• _Exercise objective_:
In the material below, find the line with "Vintage Fashion Tokyo" and the line with "Craig D-6 NW, AK", then output those two lines and every line between them, exactly.

• _The input_:
· · · · · · ·
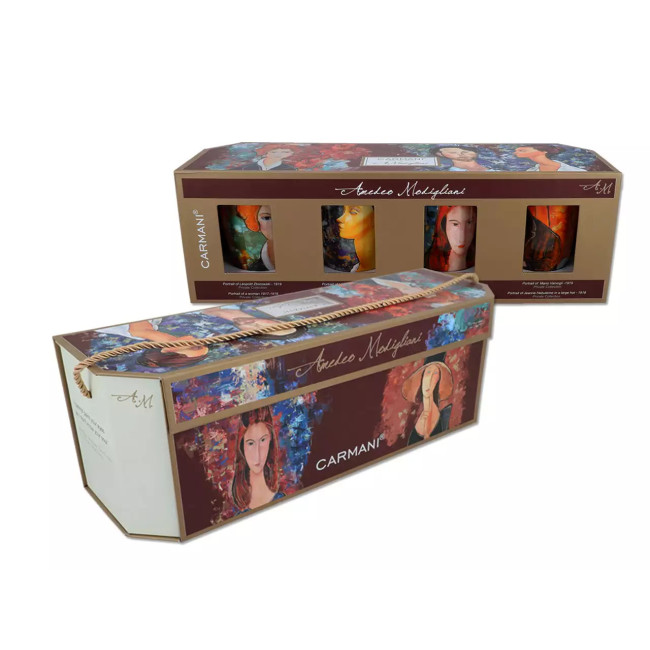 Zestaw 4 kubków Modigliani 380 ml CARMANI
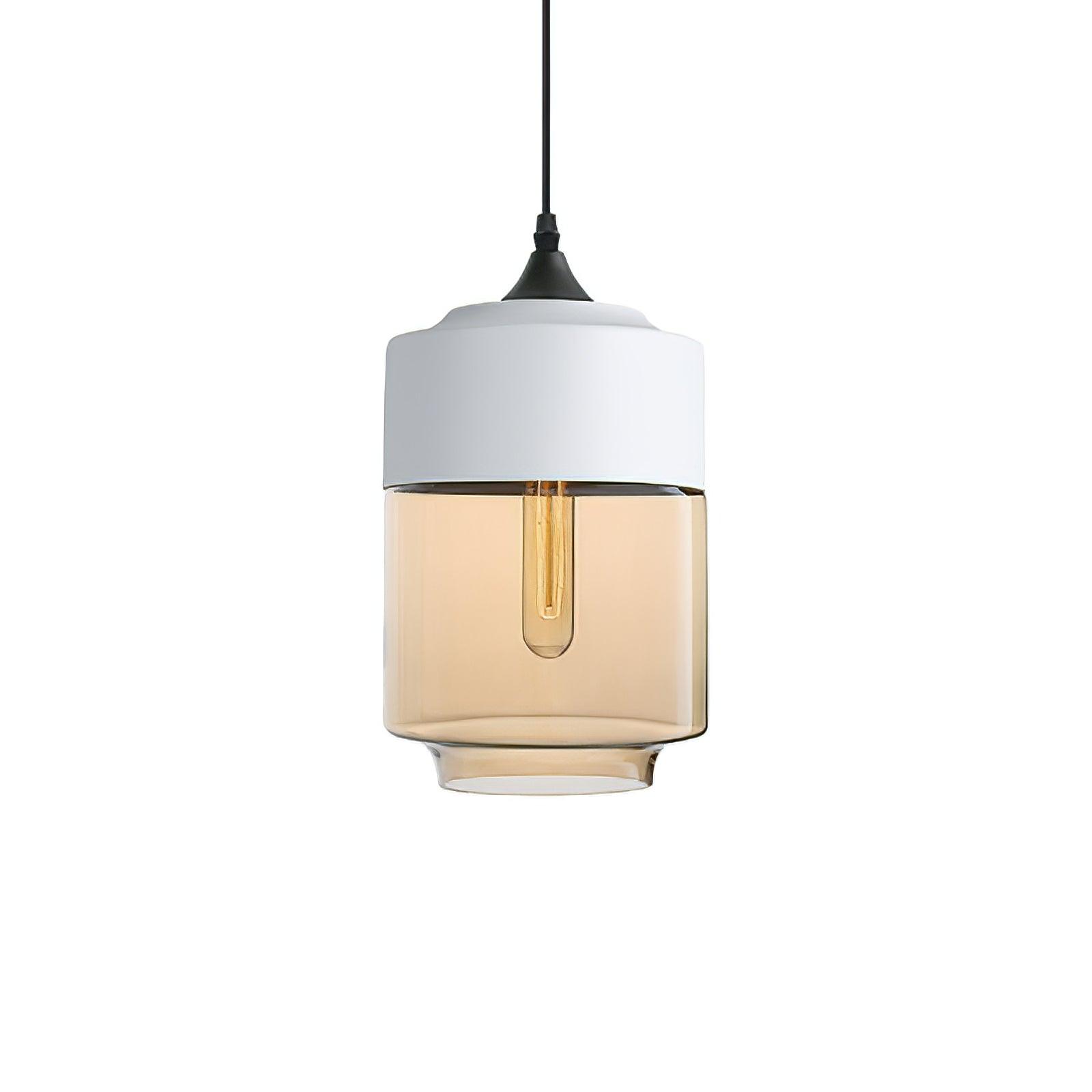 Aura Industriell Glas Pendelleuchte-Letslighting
· · · · · · ·
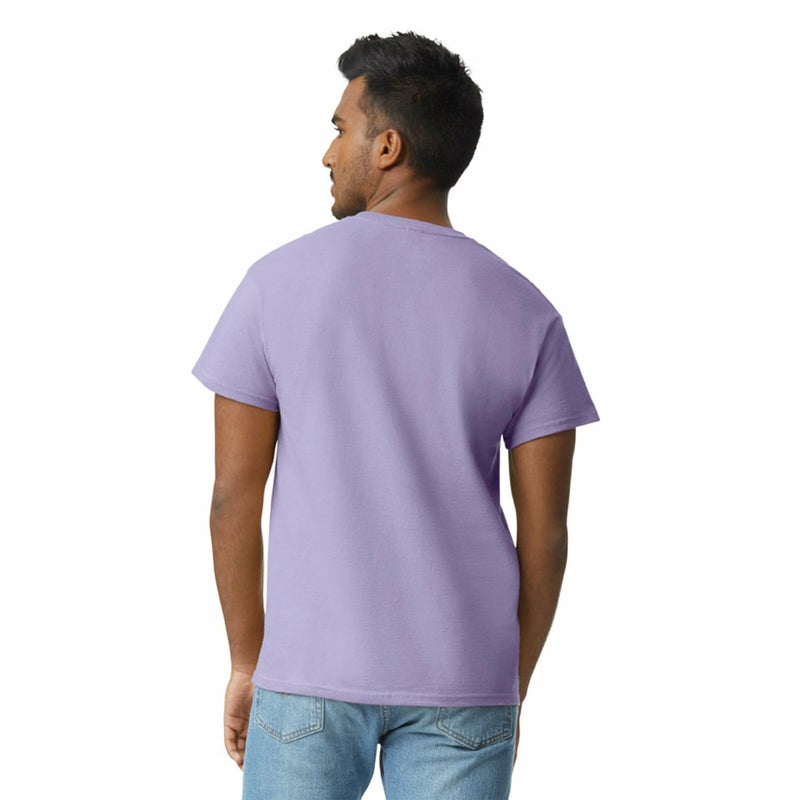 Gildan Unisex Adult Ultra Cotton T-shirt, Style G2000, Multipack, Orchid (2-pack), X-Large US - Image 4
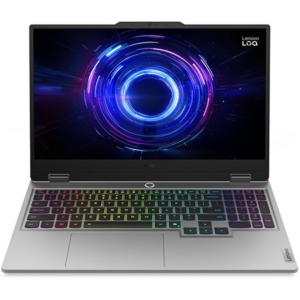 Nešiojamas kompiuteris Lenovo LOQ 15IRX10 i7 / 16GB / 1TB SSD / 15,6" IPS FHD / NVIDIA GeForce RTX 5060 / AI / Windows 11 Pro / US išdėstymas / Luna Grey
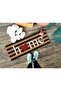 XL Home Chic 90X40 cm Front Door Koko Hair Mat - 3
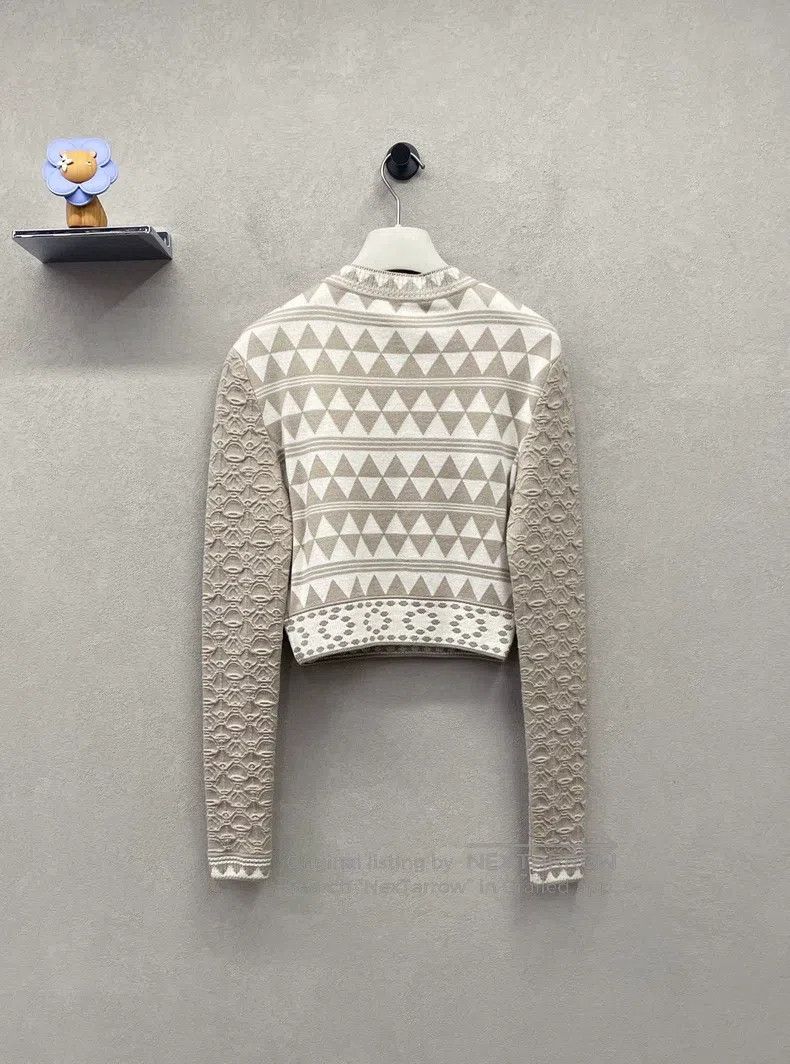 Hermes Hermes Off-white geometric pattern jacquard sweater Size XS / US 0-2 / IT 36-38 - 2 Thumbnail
· · · · · · ·
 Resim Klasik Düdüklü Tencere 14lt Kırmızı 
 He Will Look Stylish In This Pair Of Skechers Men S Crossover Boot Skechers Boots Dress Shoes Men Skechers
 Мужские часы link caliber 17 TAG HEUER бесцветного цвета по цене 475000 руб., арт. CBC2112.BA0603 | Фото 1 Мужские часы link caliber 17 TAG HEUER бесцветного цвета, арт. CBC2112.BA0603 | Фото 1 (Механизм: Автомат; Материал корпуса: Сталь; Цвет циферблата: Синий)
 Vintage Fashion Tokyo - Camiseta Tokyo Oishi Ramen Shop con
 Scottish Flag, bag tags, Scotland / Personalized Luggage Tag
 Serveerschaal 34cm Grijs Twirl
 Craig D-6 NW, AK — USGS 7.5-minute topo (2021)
· · · · · · ·
• _Solution_:
 Vintage Fashion Tokyo - Camiseta Tokyo Oishi Ramen Shop con
 Scottish Flag, bag tags, Scotland / Personalized Luggage Tag
 Serveerschaal 34cm Grijs Twirl
 Craig D-6 NW, AK — USGS 7.5-minute topo (2021)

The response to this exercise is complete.